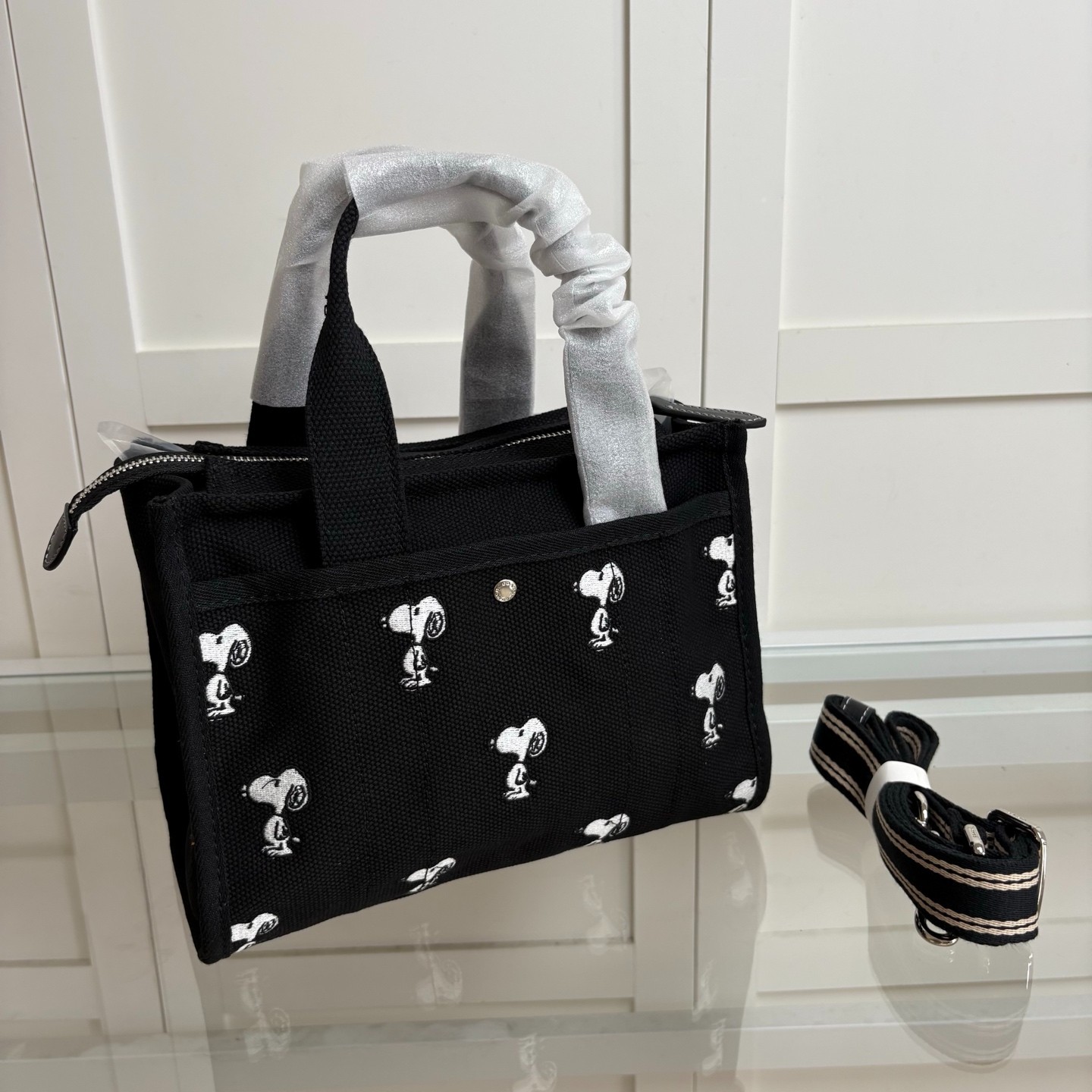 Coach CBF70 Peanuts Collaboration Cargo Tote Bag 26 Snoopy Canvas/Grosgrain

============================================================

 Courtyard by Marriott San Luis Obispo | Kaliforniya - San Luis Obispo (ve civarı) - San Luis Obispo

============================================================

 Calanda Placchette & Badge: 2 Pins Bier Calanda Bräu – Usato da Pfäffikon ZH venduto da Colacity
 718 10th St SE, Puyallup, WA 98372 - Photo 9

============================================================

# REQUIRED WORK:
Retype, in the same exact form, the lines of the material above from the line holding "Calanda Placchette &" through the line holding "718 10th St SE, Puyallup, WA 98372 - Photo 9".

# RESULT OF THIS TASK:
 Calanda Placchette & Badge: 2 Pins Bier Calanda Bräu – Usato da Pfäffikon ZH venduto da Colacity
 718 10th St SE, Puyallup, WA 98372 - Photo 9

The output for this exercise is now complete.